In light of this rule, we must examine the evidence to determine whether it would support a finding of such an agreement between Pat Holloway and the bank. Although there is no direct testimony of an express agreement, we conclude that there is evidence to support such a finding. Pat testified that he opened the "Pat S. Holloway, Separate Property" account with the proceeds of a loan of $10,000 from Republic National Bank. The loan papers were admitted in evidence. They include a promissory note and a security agreement from Pat to the bank, each dated May 10, 1979, and signed "Pat S. Holloway, Separate Property." A statement of purpose for the loan on a bank form, also signed, "Pat S. Holloway, Separate Property," recites the purpose of the loan to be "Equity in pipeline venture." This statement refers to the collateral specified in the security agreement and is certified by an officer of the bank on May 10, 1979. An affidavit by Pat Holloway, dated May 16, 1979, states that all the securities listed as collateral in the security agreement, valued at more than $40,000, are his separate property, having been acquired before his marriage to Robbie, and that the affidavit is made with knowledge that it will be relied on by the bank in making the loan for his separate account to be secured by the securities listed and in order to induce the bank to make a loan to him for which the community estate shall not be liable. Pat testified that he delivered these papers to the bank at the time of the loan transaction. There is also a deposit slip for $10,000 in the "Pat S. Holloway, Separate Property" account, dated May 17, 1979, although no check in this account for the $3000 paid for the Sterling Pipeline Stock was offered in evidence.
This evidence, in our view, is sufficient for the jury to infer that by accepting these papers as the basis for a loan to "Pat S. Holloway, Separate Property," the bank agreed to look solely to Pat's separate property for repayment of the loan and that Pat purchased the stock in Sterling Pipeline with the proceeds of this loan. Consequently, we hold that the evidence supports the finding that this stock is his separate property.
In view of our holding that the evidence supports the jury's findings of the separate character of the Humble Exploration and Sterling Pipeline stock, we must consider the consequences of these findings.

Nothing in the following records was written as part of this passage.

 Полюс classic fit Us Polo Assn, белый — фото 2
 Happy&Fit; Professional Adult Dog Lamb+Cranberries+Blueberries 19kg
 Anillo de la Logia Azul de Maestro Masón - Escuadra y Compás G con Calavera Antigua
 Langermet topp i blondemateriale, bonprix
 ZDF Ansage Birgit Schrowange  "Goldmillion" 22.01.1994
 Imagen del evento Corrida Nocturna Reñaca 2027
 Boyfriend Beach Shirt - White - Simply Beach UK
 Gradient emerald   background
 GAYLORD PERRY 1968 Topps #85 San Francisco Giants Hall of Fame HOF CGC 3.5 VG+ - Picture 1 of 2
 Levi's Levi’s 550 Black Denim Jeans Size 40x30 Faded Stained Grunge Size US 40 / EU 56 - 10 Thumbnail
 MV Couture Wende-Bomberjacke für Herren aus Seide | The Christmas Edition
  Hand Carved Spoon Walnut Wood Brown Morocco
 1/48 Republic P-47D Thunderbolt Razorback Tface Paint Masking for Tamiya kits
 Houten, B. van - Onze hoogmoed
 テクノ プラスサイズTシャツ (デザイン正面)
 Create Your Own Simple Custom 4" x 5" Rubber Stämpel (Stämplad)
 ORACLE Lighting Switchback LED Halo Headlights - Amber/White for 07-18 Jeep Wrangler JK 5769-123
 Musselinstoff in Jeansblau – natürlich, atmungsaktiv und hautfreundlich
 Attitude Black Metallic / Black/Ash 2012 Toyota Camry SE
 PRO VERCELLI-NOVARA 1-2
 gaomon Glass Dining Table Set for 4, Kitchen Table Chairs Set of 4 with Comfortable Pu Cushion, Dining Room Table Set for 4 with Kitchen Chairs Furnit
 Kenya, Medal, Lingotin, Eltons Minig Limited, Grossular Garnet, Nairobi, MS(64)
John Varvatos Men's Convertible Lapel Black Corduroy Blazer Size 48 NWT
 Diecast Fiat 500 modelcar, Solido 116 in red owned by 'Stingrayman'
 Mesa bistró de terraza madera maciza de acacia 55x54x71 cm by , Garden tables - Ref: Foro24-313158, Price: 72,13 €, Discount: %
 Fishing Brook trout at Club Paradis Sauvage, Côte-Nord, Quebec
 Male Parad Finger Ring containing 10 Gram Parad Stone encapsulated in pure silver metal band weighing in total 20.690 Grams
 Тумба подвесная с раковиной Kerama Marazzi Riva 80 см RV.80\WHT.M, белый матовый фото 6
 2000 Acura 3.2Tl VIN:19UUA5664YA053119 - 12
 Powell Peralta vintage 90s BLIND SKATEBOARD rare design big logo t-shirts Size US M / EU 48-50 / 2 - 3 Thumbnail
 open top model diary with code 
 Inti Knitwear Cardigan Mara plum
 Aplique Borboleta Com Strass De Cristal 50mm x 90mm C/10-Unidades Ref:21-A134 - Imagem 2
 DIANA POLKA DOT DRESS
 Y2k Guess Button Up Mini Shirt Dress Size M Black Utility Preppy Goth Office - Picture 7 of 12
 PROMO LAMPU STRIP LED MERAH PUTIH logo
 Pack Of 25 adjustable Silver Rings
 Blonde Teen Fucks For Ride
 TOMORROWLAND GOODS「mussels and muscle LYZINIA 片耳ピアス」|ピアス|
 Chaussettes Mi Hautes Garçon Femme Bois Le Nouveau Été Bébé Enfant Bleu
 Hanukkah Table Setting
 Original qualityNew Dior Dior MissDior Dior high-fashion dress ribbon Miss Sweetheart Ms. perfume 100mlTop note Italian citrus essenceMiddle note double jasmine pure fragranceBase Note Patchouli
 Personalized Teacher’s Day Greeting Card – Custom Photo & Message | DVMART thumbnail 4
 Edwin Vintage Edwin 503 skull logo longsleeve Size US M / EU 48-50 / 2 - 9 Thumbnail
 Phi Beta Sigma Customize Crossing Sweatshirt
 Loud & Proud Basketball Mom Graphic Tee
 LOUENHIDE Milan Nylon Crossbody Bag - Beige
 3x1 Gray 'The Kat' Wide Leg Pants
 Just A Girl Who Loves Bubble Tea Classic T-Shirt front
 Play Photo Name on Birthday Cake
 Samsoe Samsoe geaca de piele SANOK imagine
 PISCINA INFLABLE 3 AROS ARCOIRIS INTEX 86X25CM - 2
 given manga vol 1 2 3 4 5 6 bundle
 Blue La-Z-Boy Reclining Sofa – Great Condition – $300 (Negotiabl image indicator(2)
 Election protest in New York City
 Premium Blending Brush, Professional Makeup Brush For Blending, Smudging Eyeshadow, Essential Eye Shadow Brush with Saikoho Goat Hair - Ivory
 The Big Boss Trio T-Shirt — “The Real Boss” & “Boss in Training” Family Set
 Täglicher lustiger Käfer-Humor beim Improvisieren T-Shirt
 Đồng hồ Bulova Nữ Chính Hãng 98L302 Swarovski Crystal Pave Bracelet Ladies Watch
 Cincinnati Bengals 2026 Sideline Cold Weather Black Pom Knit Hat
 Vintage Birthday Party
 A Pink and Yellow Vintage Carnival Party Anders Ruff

Robbie argues alternatively that the stock in both Humble and Sterling Pipeline represents *58 an ownership interest in corporate assets acquired by the community labor of one of the spouses, and, therefore, the trial court was correct in finding the stock of both companies to be community. This question of the increase in value of separately owned corporate shares as a result of the time, toil and effort of one of the spouses was recently considered by the supreme court in two cases.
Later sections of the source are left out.